Excerpts from a dataset:
# # # #
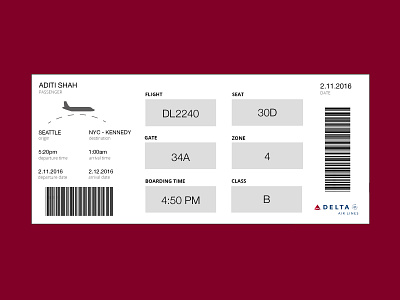 #DailyUI024 - Boarding pass daily ui dailyui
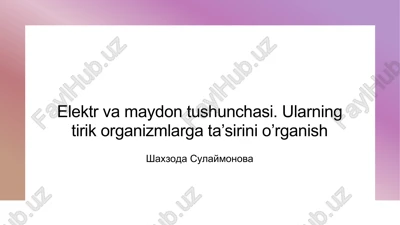elektr va maydon tushunchalari — PPTX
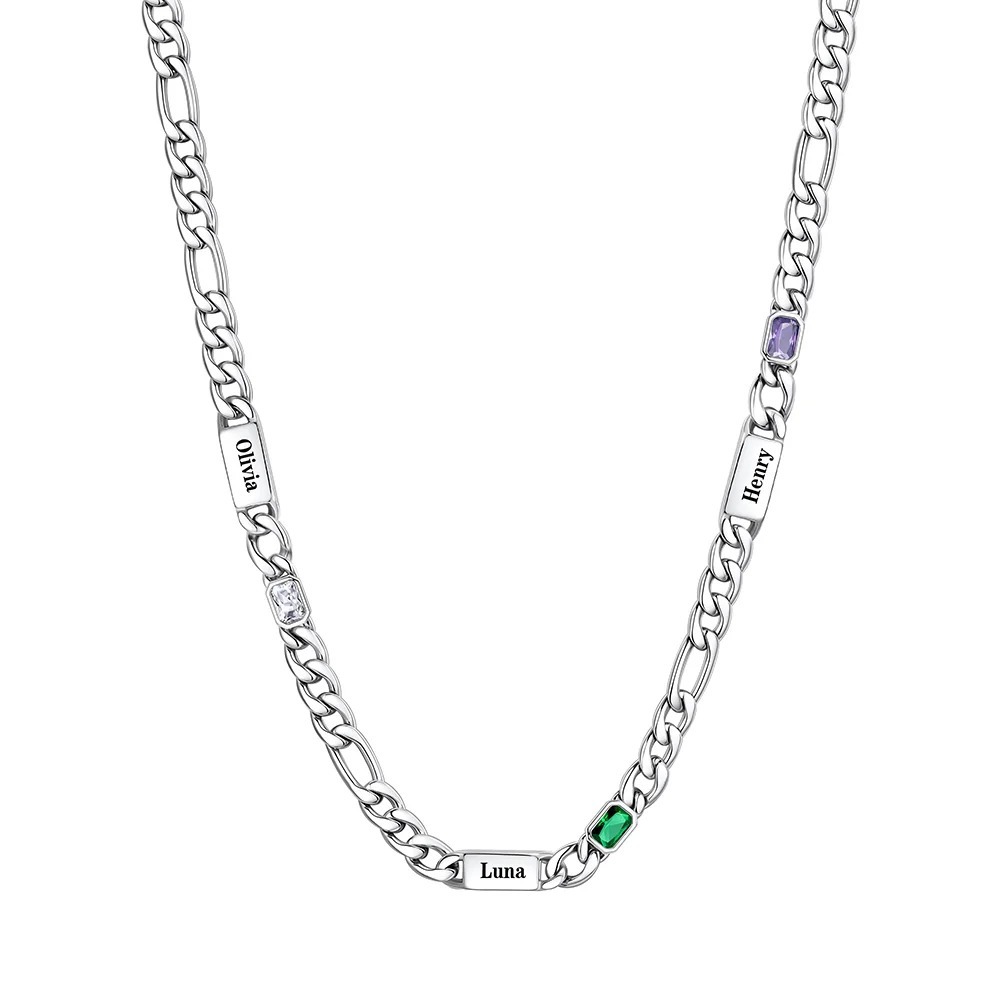 Custom 3 Names Birthstones Figaro Chain Keepsake Necklace Silver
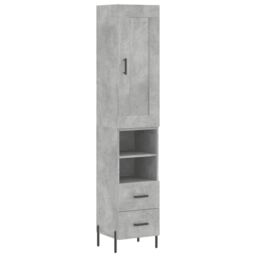 Berkfield Home Highboard Concrete Grey 34.5x34x180 cm Engineered Wood - thumbnail 2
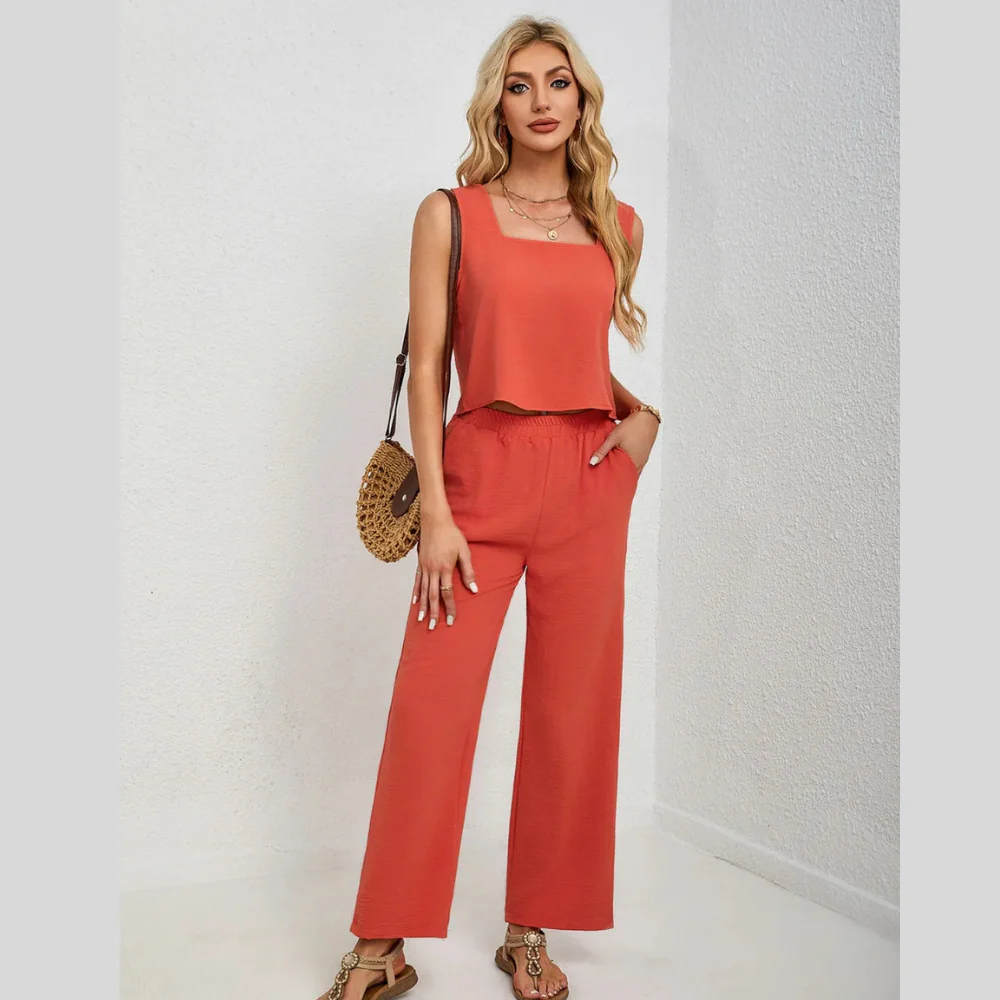 Square Neck Tank and Wide Leg Pants Set - ZKZOOK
# # # #
▶ **Task to complete**
Exactly as written, print each entry, leaving all pictures out.

▶ **Exercise result**
 #DailyUI024 - Boarding pass daily ui dailyui
elektr va maydon tushunchalari — PPTX
 Custom 3 Names Birthstones Figaro Chain Keepsake Necklace Silver
 Berkfield Home Highboard Concrete Grey 34.5x34x180 cm Engineered Wood - thumbnail 2
 Square Neck Tank and Wide Leg Pants Set - ZKZOOK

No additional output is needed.